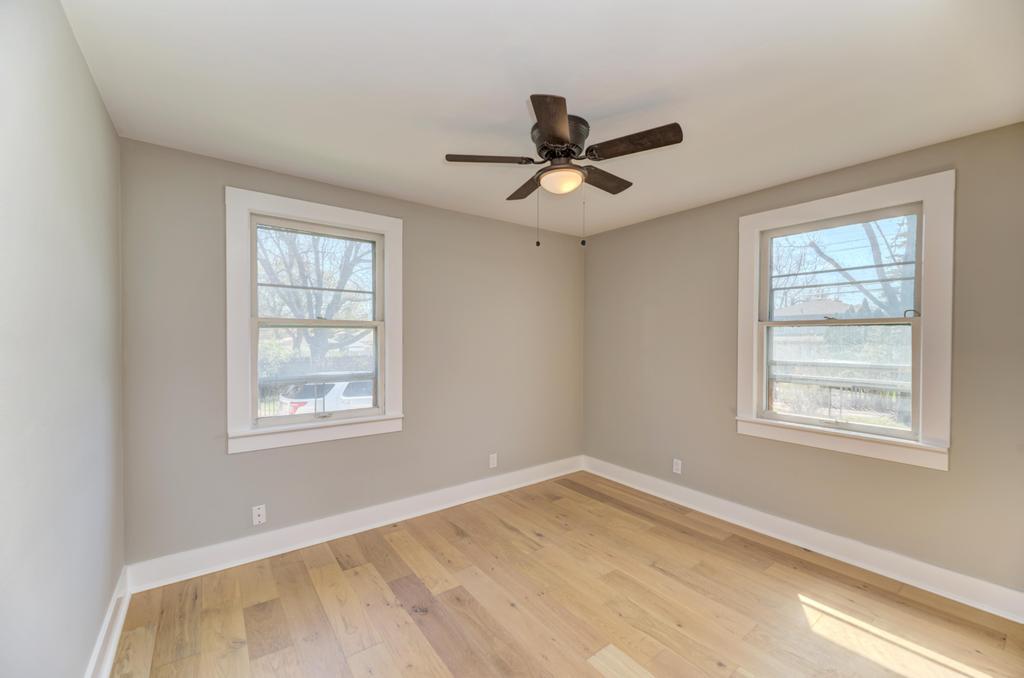 Gallery Image 18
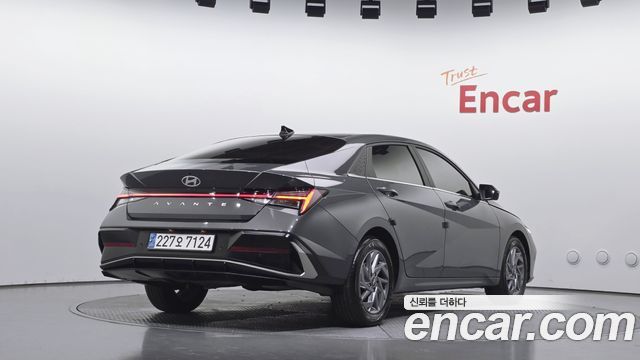 Hyundai Avante (CN7) 1.6 Inspiration 2025 — фото 2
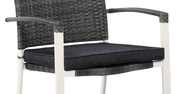 Suvi Kevyt -tuolin musta istuinpehmuste ja valkoinen/harmaa tuoli.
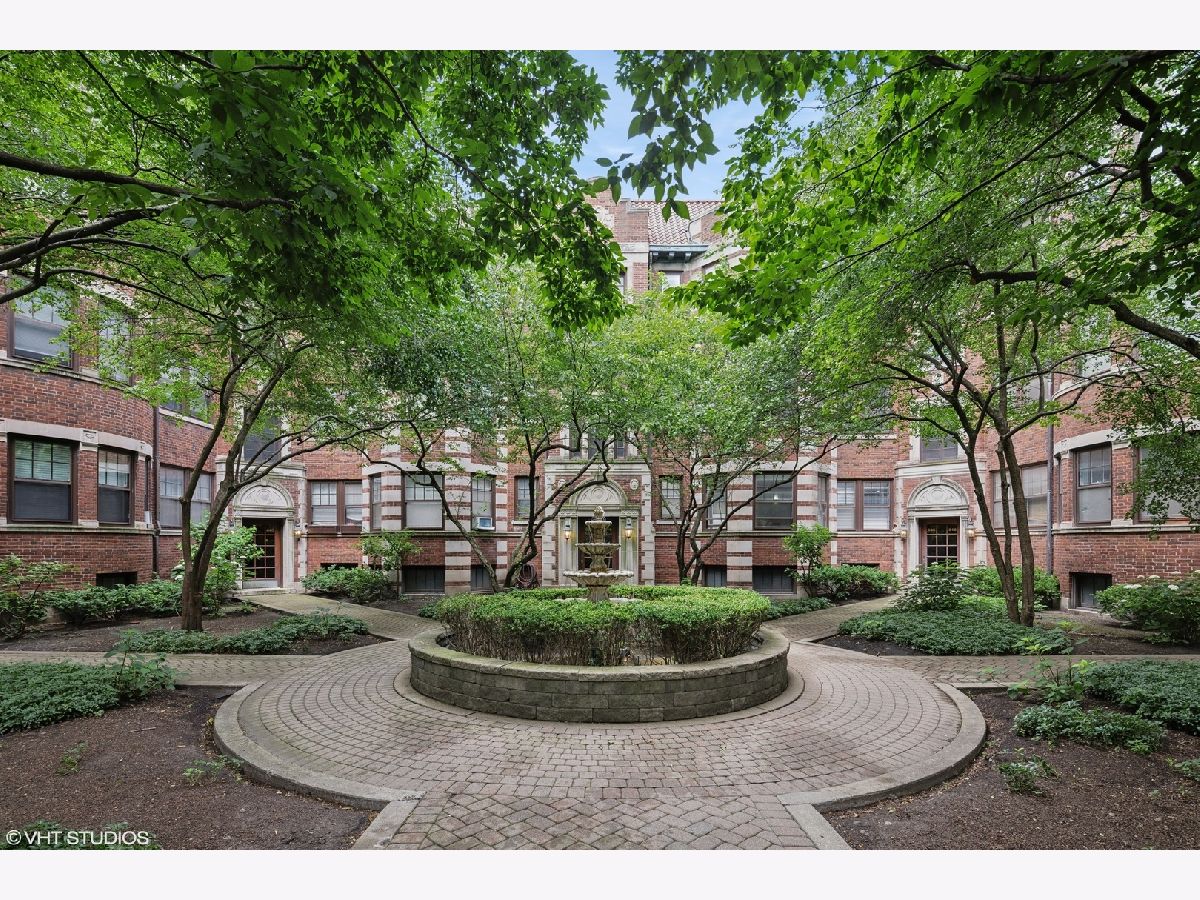 Condominiums Sold Fountain Court Evanston Illinois, 844 Hinman
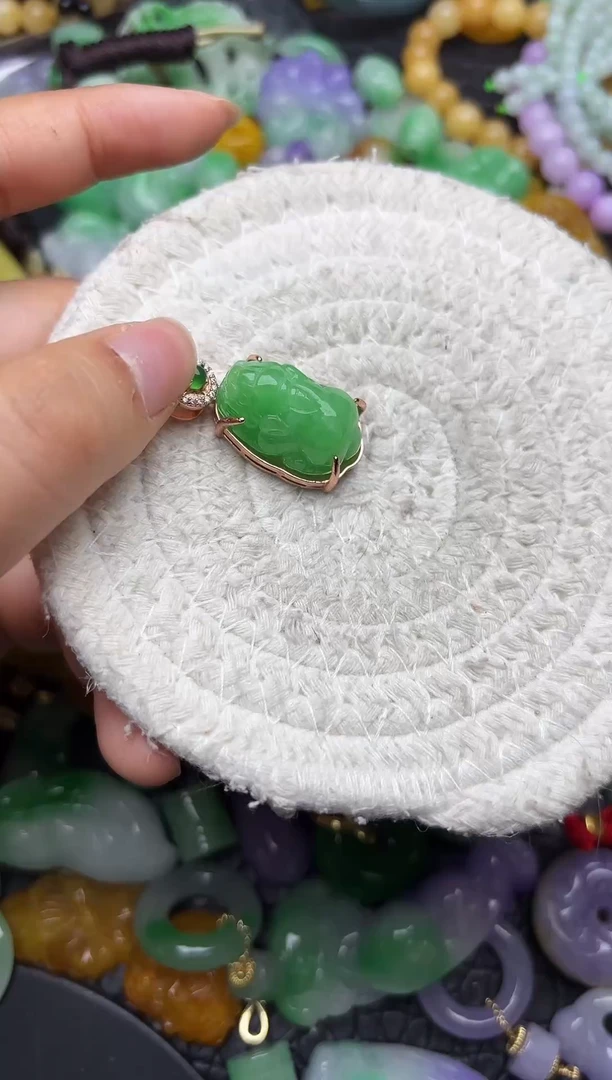 颈饰未镶嵌翡翠缅甸翡翠吊坠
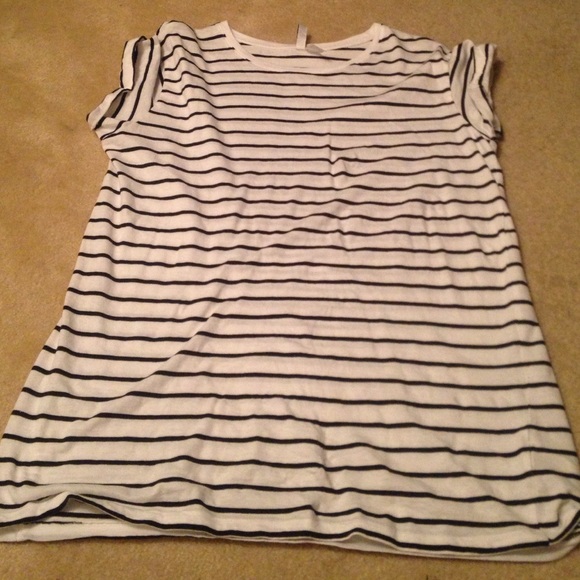 H&M Dresses & Skirts - t-shirt dress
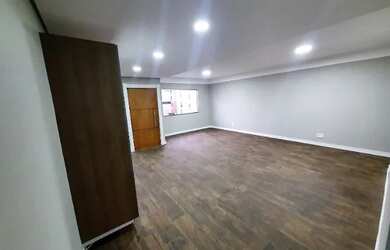 Imagem: A casa possui 2 Dormitórios, 2 Banheiros, 1 Vaga na garagem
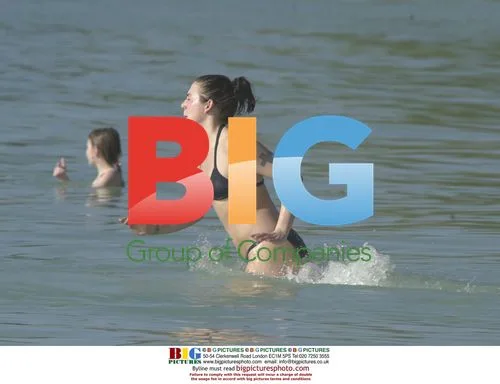 Mel C Enjoys Beach Day in Barbados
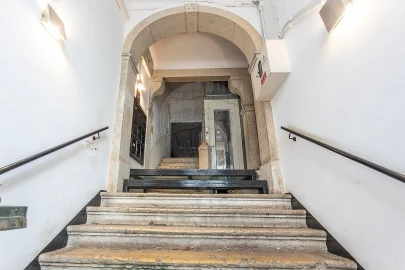 Apartamento T2 para Venda em Santa Maria Maior
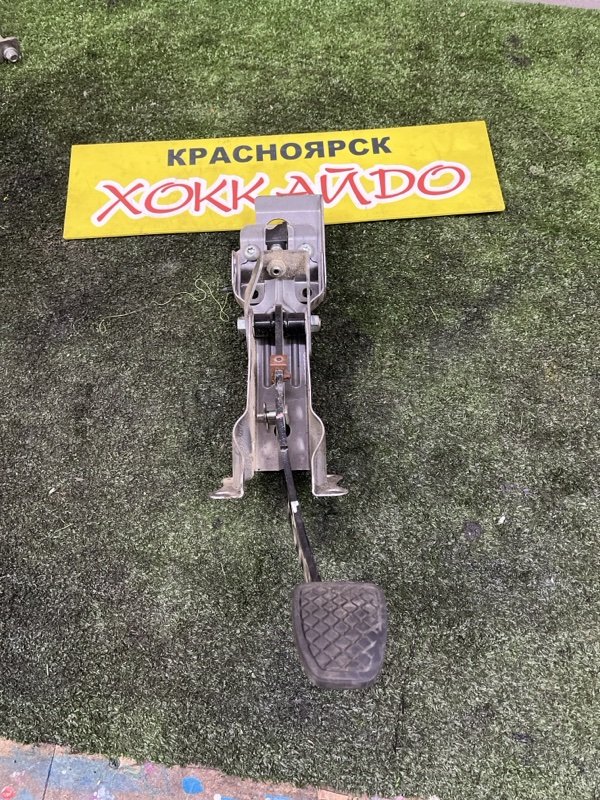 Педаль тормоза Subaru Legacy BP5 EJ20Y 05.2006 (б/у)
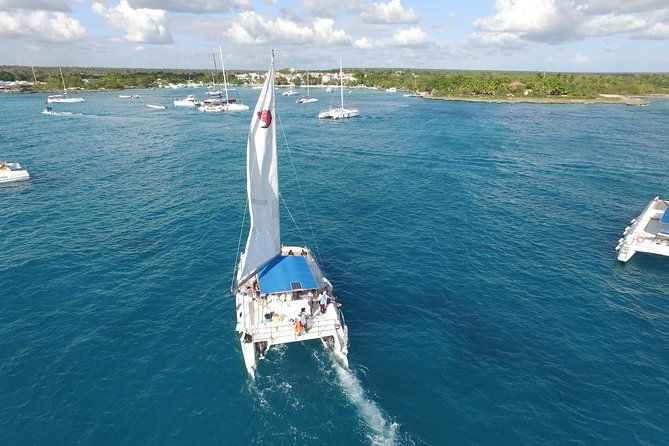 from-punta-cana-saona-island-altos-de-chavon-day-trip-with-lunch-and-open-bar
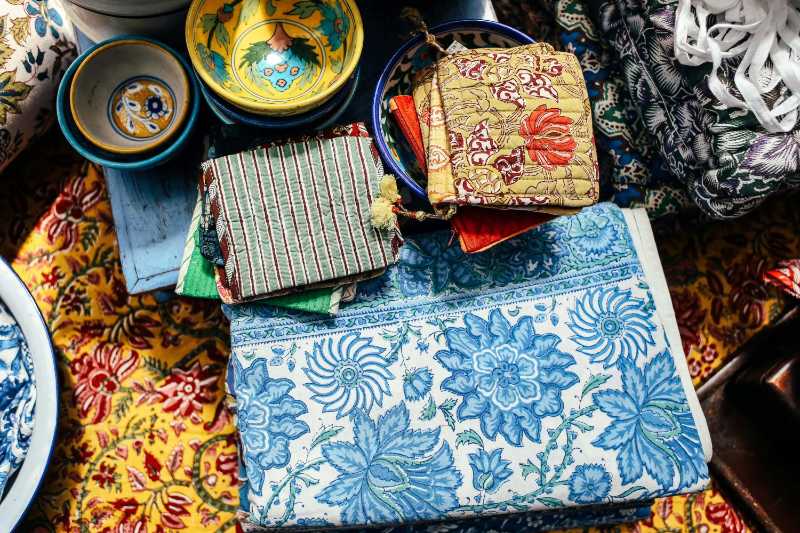 Blau-weißes Blumentextil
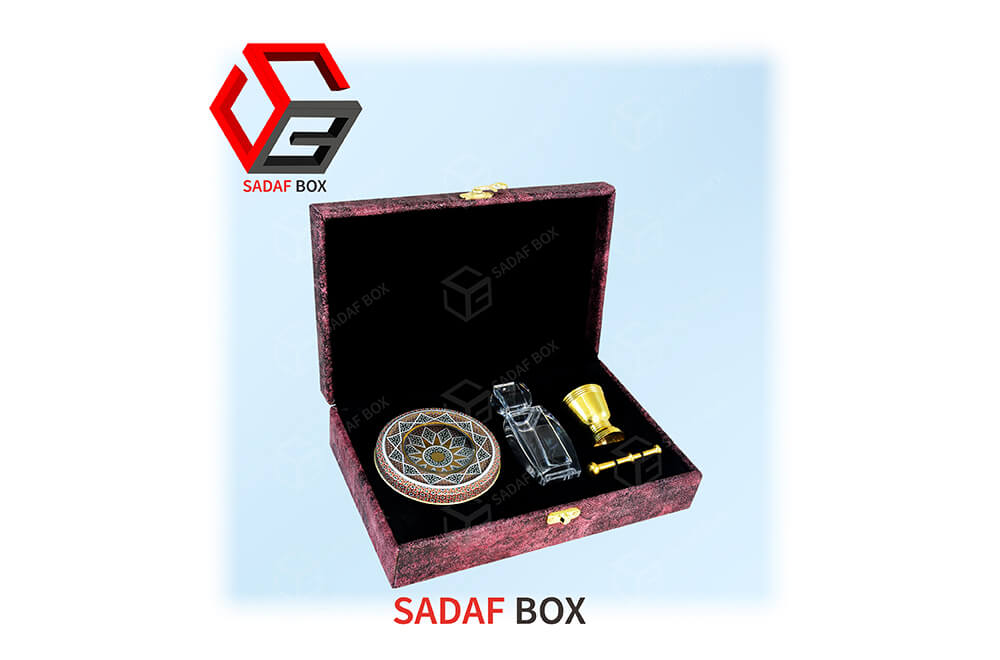 red saffron box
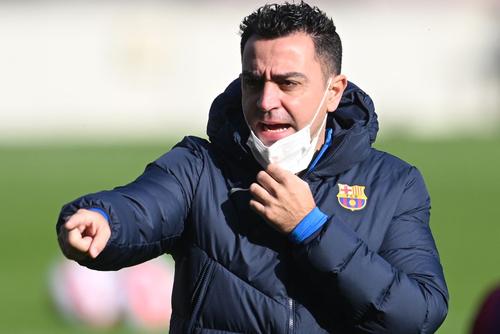 Ousamne Dembele (24 de ani) are două opțiuni: fie prelungește contractul cu Barcelona, fie trebuie să-și găsească altă echipă în această lună. În niciun caz nu va deveni în vară liber de contract, când îi expiră înțelegerea cu catalanii.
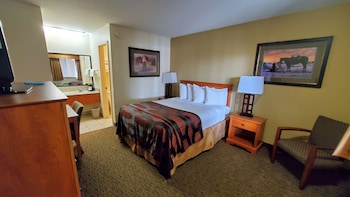 Standard Room, 1 Queen Bed, Non Smoking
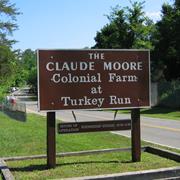 Claude Moore Colonial Farm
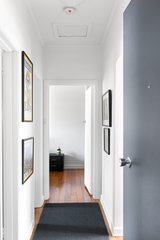 https://images.listonce.com.au/custom/160x/listings/4108-george-street-east-melbourne-vic-3002/139/01905139_img_08.jpg?pZO7W_LzirE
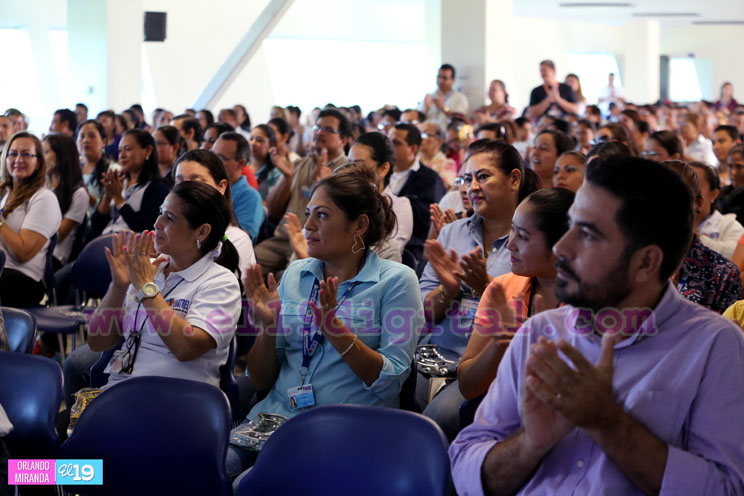 Trabajadores de Enatrel y del MEM cantan gozosos a la Purísima Concepción de María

■ ■ ■ ■

= Work required =
Begin with the first line of the records and repeat every line up to the one with "Apartamento T2 para", counting that line too. Pictures are not part of the copy.

= Task result =
 Gallery Image 18
 Hyundai Avante (CN7) 1.6 Inspiration 2025 — фото 2
 Suvi Kevyt -tuolin musta istuinpehmuste ja valkoinen/harmaa tuoli.
 Condominiums Sold Fountain Court Evanston Illinois, 844 Hinman
 颈饰未镶嵌翡翠缅甸翡翠吊坠
 H&M Dresses & Skirts - t-shirt dress
 Imagem: A casa possui 2 Dormitórios, 2 Banheiros, 1 Vaga na garagem
 Mel C Enjoys Beach Day in Barbados
 Apartamento T2 para Venda em Santa Maria Maior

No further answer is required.